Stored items
BEGIN

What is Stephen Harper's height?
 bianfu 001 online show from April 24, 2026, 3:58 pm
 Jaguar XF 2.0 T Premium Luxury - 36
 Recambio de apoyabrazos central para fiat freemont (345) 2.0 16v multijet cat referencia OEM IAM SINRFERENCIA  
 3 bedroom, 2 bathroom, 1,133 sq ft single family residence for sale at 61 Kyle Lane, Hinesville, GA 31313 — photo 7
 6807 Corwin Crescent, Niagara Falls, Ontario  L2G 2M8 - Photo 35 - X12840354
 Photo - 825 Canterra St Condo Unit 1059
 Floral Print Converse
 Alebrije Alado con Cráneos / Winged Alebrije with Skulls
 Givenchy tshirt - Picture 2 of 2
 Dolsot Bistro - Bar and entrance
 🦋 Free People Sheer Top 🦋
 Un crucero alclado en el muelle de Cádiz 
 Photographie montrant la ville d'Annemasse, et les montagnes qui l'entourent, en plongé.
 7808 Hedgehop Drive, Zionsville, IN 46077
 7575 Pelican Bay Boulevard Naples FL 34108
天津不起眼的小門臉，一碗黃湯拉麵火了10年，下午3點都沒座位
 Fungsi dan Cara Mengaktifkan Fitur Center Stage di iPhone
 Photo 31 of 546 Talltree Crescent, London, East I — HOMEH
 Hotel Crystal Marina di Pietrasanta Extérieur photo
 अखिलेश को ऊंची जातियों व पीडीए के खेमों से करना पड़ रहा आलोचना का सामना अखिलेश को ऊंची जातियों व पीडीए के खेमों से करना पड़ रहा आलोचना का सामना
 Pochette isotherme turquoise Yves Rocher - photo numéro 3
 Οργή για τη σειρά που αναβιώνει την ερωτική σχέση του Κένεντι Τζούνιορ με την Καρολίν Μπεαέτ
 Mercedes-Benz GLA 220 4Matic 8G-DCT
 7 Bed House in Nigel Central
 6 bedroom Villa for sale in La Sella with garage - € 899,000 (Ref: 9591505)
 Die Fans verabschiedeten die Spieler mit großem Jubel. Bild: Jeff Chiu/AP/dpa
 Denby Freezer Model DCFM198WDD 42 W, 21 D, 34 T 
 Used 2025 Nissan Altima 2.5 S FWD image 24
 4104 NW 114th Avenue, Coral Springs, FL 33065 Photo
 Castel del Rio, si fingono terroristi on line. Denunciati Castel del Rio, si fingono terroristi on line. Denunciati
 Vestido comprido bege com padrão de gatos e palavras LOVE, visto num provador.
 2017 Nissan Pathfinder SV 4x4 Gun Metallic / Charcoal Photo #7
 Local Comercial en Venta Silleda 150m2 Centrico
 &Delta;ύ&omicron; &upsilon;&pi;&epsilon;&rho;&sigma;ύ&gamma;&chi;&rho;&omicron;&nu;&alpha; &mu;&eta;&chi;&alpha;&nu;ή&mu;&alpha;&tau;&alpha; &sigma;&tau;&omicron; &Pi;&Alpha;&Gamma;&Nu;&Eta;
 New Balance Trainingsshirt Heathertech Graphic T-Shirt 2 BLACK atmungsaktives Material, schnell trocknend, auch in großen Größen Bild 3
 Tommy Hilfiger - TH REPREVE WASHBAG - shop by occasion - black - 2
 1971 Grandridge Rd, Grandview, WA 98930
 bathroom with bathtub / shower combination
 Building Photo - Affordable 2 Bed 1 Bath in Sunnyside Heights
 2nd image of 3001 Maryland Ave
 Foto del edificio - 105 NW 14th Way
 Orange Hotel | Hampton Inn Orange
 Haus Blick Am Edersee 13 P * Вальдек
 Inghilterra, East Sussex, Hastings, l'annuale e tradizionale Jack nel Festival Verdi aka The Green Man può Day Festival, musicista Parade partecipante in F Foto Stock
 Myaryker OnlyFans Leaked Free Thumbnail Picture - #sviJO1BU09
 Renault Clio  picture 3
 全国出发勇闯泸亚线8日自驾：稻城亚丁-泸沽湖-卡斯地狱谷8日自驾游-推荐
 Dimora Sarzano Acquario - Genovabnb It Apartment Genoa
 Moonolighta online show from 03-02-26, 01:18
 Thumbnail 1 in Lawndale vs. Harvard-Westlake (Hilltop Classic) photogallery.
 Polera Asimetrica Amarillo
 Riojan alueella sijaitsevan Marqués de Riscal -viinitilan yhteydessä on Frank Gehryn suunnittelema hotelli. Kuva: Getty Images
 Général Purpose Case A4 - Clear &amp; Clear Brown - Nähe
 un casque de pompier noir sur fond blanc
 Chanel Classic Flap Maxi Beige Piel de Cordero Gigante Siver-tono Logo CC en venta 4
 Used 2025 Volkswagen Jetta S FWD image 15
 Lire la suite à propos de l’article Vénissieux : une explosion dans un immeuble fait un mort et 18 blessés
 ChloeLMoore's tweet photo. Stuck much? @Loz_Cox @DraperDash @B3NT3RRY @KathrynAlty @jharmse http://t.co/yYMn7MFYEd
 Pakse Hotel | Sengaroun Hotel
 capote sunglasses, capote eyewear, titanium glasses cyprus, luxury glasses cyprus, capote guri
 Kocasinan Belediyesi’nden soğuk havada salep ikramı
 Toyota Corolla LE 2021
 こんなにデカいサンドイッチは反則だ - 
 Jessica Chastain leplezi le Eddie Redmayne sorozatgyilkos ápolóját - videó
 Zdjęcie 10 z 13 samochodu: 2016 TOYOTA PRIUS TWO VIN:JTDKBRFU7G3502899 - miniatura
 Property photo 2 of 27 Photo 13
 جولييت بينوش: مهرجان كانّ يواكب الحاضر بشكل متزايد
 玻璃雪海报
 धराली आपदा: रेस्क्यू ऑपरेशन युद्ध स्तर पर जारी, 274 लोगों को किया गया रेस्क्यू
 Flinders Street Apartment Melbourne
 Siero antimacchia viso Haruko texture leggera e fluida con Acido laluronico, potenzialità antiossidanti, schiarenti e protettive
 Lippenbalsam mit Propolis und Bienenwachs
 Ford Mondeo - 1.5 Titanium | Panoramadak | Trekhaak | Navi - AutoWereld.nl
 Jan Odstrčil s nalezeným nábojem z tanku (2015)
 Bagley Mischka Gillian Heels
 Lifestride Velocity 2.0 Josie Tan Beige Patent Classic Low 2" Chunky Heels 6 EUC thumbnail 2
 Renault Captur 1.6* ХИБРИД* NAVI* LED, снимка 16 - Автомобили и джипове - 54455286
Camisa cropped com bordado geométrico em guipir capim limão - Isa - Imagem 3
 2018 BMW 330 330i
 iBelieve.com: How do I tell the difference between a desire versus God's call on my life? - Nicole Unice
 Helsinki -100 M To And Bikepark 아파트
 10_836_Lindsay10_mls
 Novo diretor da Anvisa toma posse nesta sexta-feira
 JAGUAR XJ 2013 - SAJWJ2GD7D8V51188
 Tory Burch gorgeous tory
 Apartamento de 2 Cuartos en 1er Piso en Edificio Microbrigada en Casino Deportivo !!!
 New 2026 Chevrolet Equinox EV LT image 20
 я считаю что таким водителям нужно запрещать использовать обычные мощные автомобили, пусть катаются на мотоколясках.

END

TASK DETAILS
Check every line above for the string "Bild" and copy those that have it.

EXPECTED OUTPUT
 Die Fans verabschiedeten die Spieler mit großem Jubel. Bild: Jeff Chiu/AP/dpa
 New Balance Trainingsshirt Heathertech Graphic T-Shirt 2 BLACK atmungsaktives Material, schnell trocknend, auch in großen Größen Bild 3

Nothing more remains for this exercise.